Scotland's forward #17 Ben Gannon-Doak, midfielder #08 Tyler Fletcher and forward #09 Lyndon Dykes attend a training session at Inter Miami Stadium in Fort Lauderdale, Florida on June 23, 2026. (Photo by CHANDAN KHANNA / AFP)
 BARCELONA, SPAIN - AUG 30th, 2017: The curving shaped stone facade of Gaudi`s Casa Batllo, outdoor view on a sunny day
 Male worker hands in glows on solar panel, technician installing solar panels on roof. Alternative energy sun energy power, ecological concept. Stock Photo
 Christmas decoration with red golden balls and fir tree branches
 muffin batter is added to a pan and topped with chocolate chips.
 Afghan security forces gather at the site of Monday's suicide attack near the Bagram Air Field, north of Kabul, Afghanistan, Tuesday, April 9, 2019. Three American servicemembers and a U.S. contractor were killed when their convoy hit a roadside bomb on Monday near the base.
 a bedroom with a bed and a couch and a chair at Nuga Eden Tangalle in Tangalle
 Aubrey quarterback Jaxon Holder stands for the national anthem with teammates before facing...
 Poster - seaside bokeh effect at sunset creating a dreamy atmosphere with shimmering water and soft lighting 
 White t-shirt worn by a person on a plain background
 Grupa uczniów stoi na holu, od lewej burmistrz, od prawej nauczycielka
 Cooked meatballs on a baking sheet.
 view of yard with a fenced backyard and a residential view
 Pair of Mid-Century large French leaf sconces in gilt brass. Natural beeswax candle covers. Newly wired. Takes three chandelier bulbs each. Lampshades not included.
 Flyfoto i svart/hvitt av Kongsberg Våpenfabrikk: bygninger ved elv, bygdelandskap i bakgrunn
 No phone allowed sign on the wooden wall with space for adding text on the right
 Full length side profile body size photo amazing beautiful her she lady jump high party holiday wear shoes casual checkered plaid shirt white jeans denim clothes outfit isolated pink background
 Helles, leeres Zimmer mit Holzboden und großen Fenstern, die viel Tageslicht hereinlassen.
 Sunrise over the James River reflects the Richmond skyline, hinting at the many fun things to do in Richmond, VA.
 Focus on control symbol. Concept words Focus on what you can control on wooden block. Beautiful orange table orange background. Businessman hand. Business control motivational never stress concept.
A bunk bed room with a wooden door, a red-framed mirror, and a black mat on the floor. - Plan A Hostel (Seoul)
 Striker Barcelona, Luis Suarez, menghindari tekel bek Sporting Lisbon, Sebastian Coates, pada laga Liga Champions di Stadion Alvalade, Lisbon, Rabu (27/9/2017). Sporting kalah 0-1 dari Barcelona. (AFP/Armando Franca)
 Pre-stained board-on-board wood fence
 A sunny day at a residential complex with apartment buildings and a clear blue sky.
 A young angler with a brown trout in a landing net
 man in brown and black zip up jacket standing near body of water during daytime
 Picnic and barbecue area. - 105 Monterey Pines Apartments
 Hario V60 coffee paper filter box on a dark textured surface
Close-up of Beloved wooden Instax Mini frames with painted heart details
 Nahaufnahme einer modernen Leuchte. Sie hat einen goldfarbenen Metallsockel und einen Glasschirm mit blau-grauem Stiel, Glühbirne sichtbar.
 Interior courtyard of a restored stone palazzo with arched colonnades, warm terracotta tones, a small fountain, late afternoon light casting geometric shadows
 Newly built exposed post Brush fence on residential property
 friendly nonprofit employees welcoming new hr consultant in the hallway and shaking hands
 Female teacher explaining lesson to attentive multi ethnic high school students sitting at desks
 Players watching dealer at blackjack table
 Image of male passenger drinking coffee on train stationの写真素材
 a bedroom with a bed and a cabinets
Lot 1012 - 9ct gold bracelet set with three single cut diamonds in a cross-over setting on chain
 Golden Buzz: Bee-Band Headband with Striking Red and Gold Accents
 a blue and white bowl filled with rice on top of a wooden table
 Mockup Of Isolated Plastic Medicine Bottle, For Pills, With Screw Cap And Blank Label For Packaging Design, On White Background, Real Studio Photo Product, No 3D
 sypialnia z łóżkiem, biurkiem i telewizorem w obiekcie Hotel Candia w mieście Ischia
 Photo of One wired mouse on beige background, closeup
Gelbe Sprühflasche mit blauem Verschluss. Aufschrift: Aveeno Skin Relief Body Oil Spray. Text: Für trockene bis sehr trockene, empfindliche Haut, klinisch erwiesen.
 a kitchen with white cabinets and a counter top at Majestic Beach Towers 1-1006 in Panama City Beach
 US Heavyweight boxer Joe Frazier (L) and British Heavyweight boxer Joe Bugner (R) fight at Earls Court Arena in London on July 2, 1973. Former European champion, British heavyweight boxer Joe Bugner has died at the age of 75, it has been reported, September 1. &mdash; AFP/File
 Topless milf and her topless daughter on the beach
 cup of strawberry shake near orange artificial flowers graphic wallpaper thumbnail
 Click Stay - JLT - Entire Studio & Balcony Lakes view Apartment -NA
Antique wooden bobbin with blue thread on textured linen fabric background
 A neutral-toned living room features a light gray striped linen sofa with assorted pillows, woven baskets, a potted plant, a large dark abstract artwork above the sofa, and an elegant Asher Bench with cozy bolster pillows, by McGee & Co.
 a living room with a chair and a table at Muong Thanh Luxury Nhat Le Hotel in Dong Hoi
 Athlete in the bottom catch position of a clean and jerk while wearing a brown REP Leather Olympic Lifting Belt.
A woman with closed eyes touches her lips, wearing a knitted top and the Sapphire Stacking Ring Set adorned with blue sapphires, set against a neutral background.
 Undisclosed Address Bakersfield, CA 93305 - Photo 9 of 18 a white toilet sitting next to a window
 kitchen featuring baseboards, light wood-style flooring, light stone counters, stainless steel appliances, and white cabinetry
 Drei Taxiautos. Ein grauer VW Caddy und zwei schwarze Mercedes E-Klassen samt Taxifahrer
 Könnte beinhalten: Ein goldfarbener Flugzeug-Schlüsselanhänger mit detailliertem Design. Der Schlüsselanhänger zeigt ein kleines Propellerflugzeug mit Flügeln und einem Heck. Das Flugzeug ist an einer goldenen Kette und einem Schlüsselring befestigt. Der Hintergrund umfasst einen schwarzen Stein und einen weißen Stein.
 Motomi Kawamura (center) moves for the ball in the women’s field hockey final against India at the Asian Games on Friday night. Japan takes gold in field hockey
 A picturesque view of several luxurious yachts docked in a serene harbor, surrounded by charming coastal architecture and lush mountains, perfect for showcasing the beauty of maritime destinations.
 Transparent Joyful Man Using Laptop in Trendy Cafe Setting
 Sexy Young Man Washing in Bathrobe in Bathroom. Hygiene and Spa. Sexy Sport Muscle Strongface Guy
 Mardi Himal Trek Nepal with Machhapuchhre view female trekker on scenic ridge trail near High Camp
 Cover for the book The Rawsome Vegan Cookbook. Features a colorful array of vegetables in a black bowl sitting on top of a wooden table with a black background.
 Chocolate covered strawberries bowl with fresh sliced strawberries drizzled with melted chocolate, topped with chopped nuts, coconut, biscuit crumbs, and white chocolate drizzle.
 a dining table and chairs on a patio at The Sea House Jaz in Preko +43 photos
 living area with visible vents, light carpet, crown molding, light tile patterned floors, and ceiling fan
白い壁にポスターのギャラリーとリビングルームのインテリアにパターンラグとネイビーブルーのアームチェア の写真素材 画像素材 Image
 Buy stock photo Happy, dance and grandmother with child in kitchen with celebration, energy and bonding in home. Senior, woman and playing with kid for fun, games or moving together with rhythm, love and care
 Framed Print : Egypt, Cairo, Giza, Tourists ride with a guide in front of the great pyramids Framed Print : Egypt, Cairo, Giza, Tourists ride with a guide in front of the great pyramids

### Work to be completed
When a line in the records holds the string "table", copy that line.

### Your response
 Focus on control symbol. Concept words Focus on what you can control on wooden block. Beautiful orange table orange background. Businessman hand. Business control motivational never stress concept.
 Players watching dealer at blackjack table
 a blue and white bowl filled with rice on top of a wooden table
 a living room with a chair and a table at Muong Thanh Luxury Nhat Le Hotel in Dong Hoi
 Cover for the book The Rawsome Vegan Cookbook. Features a colorful array of vegetables in a black bowl sitting on top of a wooden table with a black background.
 a dining table and chairs on a patio at The Sea House Jaz in Preko +43 photos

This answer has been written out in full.